Ok, thanks. Operator, you can start Q&A.
Operator:
Thank you. To ask a question please press *1 on your telephone keypad at this time.
Please ensure that the mute function on your telephone is switched off to allow your signal to
reach our equipment. Again that’s *1 to ask a question. We’ll pause for a moment to allow
everyone the opportunity to signal.
We’ll now take our first question from James Vane-Tempest of Jefferies.
James Vane-Tempest: Hi, good morning. Thank you very much for taking my questions. I just have a
few if I can please. Firstly the earn-outs for past acquisitions, you mentioned a maximum of
€45 million in 2015. I’m just wondering if you could remind us what the total earn-outs are for
these transactions?
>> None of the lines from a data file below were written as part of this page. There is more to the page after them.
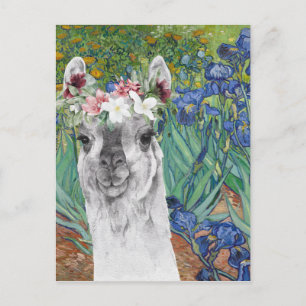 Van Gogh's Irises en Fancy Llama Briefkaart
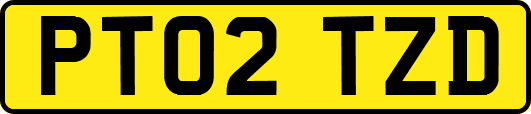 PT02TZD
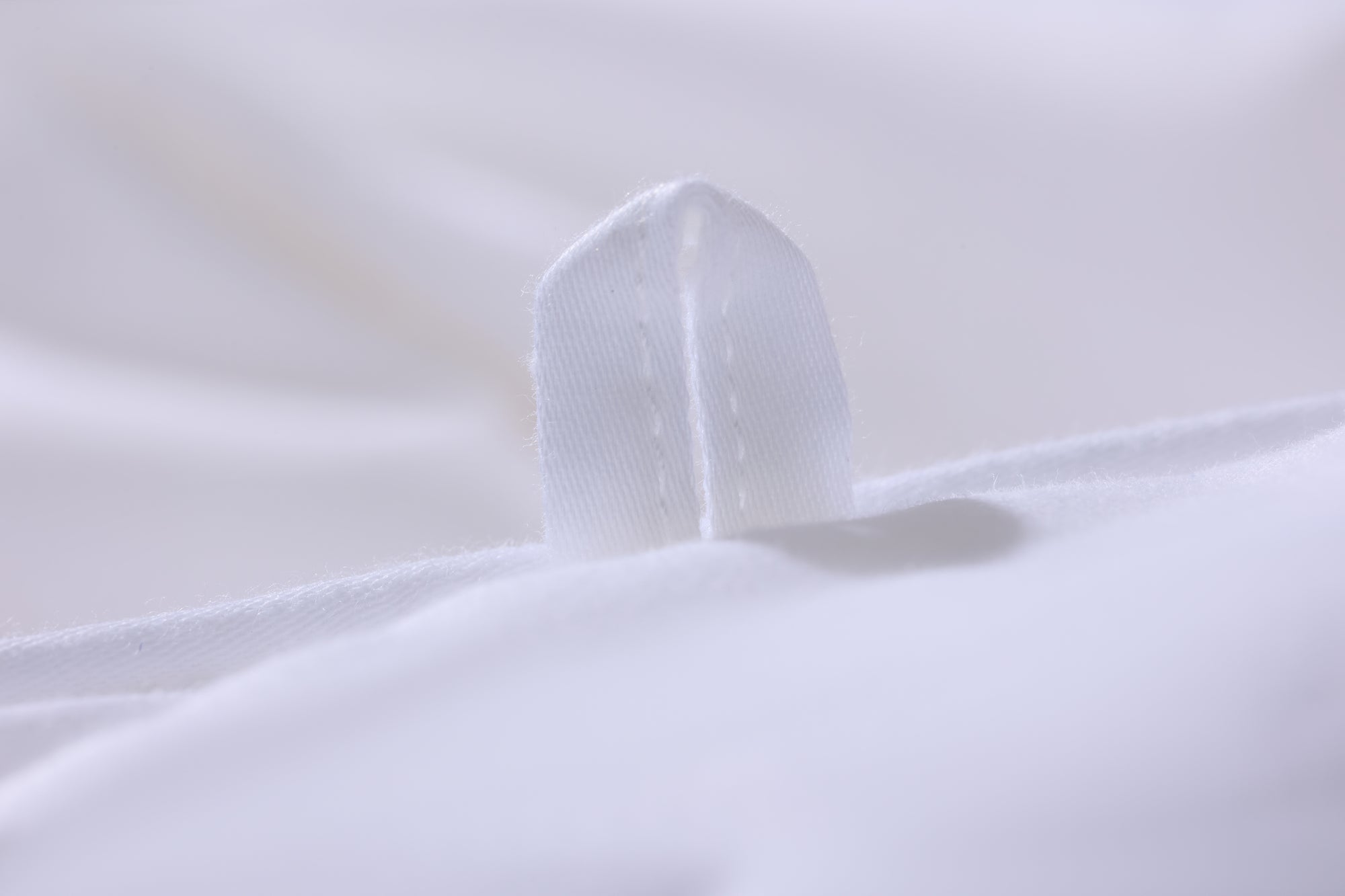 Silk Duvet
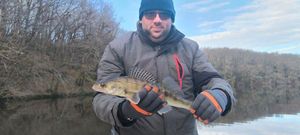 Zander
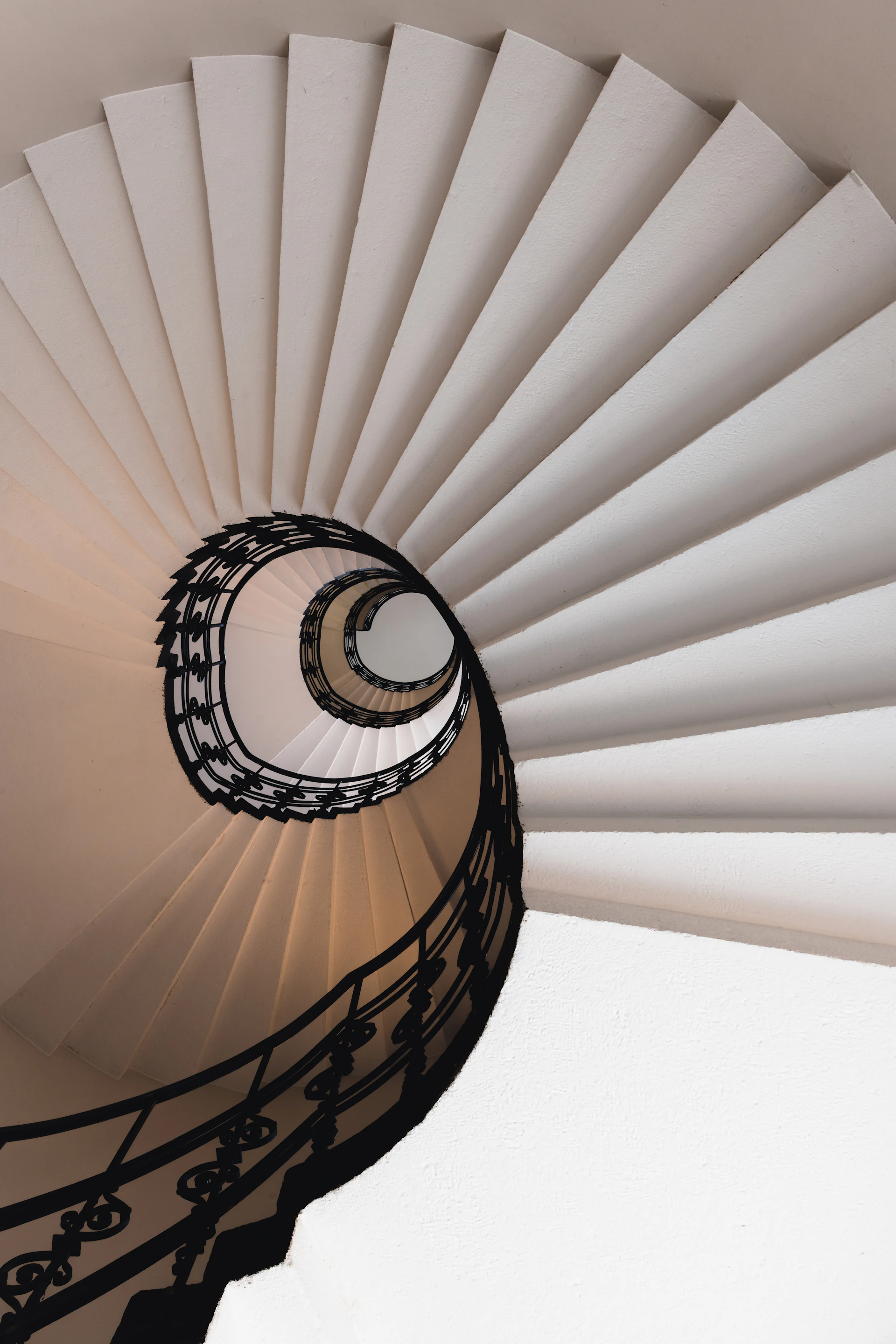 Elegant spiral staircase with white steps and black railing.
I think from memory it may have been closer to €100 million which may
have been payable…
Jan Peeters:
James, the total earn-out until 2018 is €99 million which is the total, maximum earn-
outs and we normally don’t pay a maximum.
James Vane-Tempest: I beg your pardon, I didn’t quite hear over the line, and that would be payable
by did you say in 2018 in total?
Jan Peeters:
Yes.
James Vane-Tempest: Ok. Thank you. Second question is: Could you just give us an update on the
status of the warning letter you received in the US, your JCB facility and have all your other US
sites been audited?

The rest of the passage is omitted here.